Why the change, and why now? In a word, the answer is: fundraising. As the Wall Street Journal reported in June, “fund-raisers determined that Harvard magazine was no longer serving their best interests.”
In an era when corporations and politicians pay public-relations consultants big bucks to control the “message,” one would hope that universities, devoted to the “free marketplace of ideas,” would resist the trend. Yet in recent years, Harvard, like almost all universities, has been eager to limit how much the public in general, and alumni in particular, learn about what’s really happening on campus. This is especially true as many universities continue to sacrifice traditional academic values — free speech, academic freedom, and fair disciplinary proceedings — in favor of censorship and closed administrative proceedings that function as kangaroo courts, in a misguided attempt to avoid controversies that might gain public attention.
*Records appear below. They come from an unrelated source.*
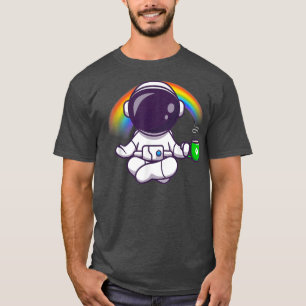 Astronaut Meditation Yoga  T-Shirt
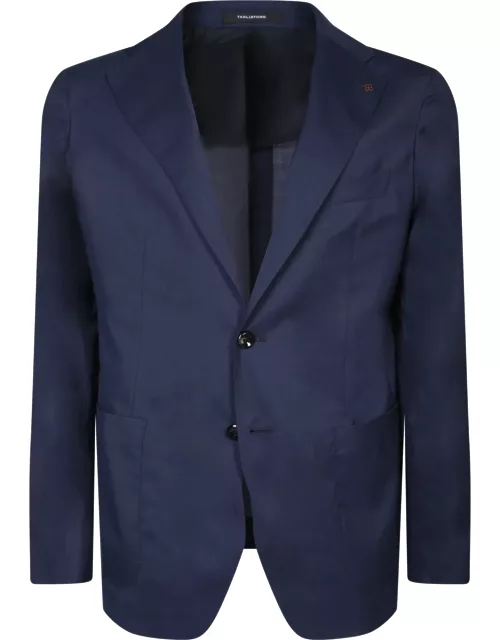 Tagliatore Single-breasted Light Blue Jacket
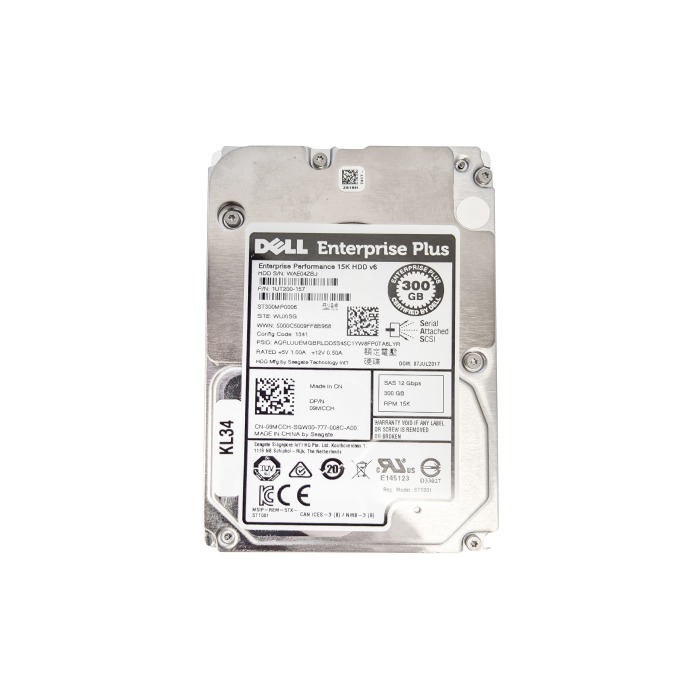 Dysk twardy Dell 300GB HDD SAS 12G 2.5" 9MCCH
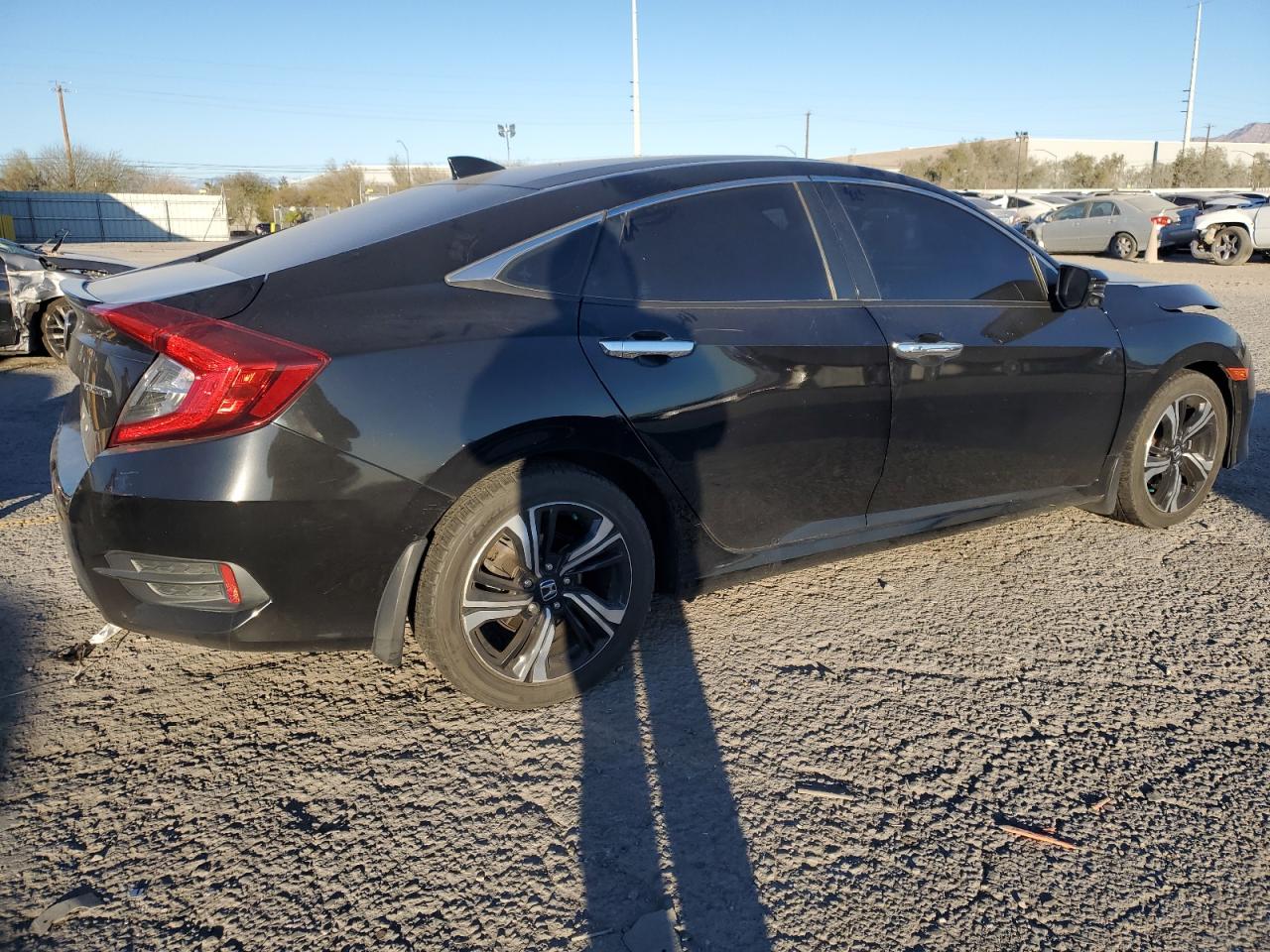 2016 Honda Civic VIN 2HGFC1F96GH658281 Copart auction photo, front end damage thumbnail 3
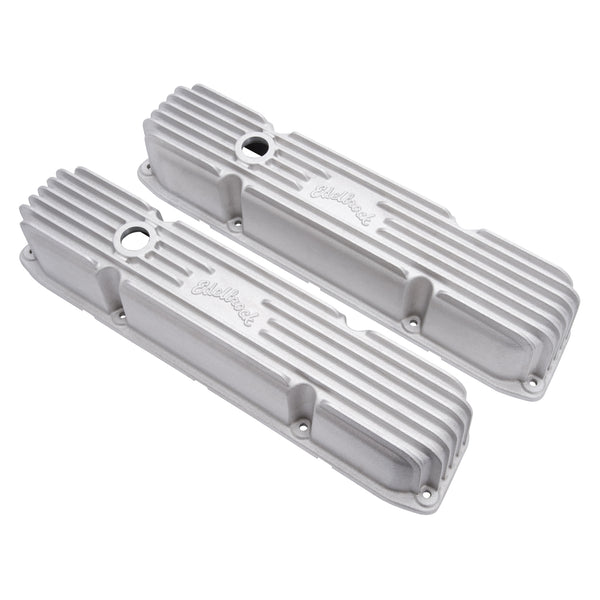 Edelbrock Couvre-culbuteurs série Classic pour Chrysler Big-Block 383/440 — satiné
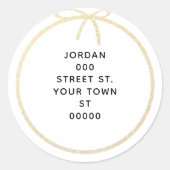 スパークリボン封筒用シール ラウンドシール (正面)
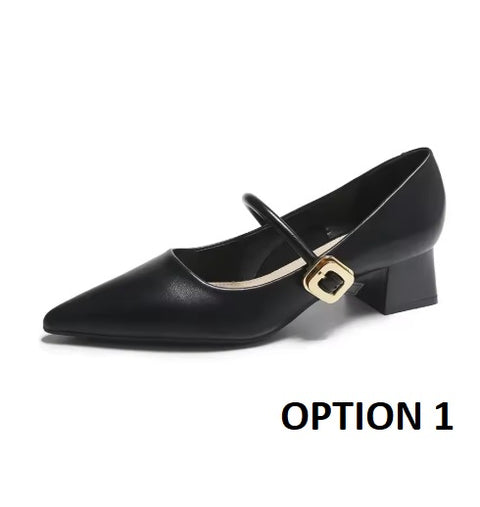 New Fashion Elegant Square Heel Pumps Shoes CODE: KAR3744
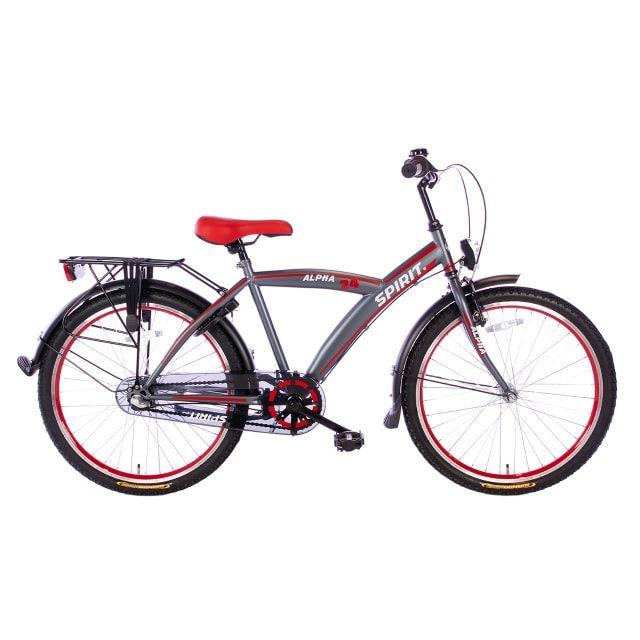Spirit Alpha 3 Versnellingen 24 inch Rood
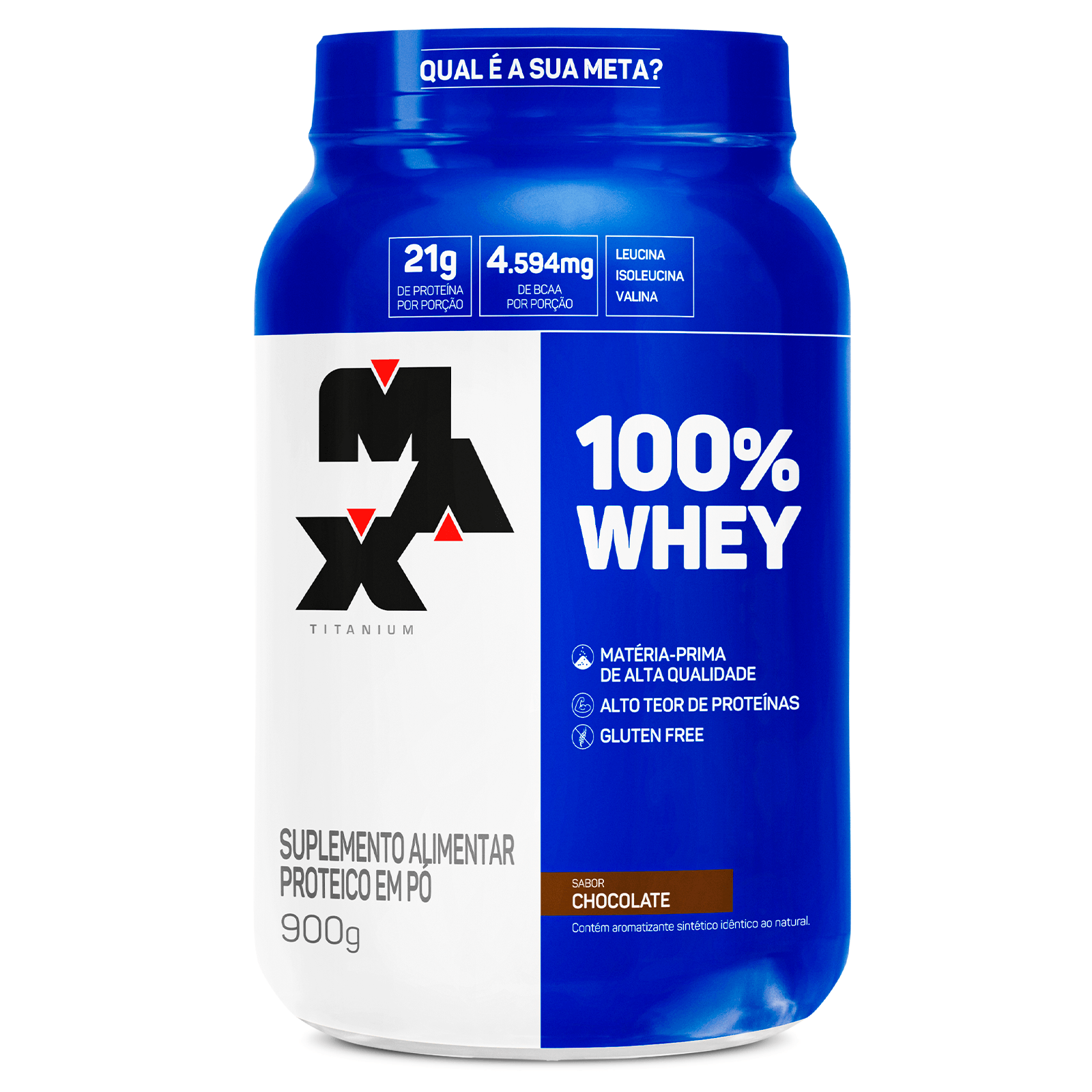 100% Whey Pote 900G Chocolate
The reality is that alumni fund a major portion of private universities’ budgets, and even public institutions are increasingly dependent on former students to supplement stagnant or decreasing state education budgets. Many states, including Massachusetts, began scaling back higher-education funds in the mid 1990s. In 2001, an economic recession caused even more drastic budget cuts. The University of Massachusetts system, for example, lost 5.1 percent of its annual budget that year, prompting a 24 percent spike in tuition at the flagship campus at Amherst and a halt to all library acquisitions. Public higher-education budgets have been relatively stagnant ever since.
Growing increasingly anxious, officials at public universities turned toward upbeat alumni mags to buoy fundraising efforts. Over the past 15 years, schools that had never previously published alumni mags began cranking out thousands of the things, including UMass, which, in spite of its dwindling coffers, launched magazines for its larger campuses in 1996.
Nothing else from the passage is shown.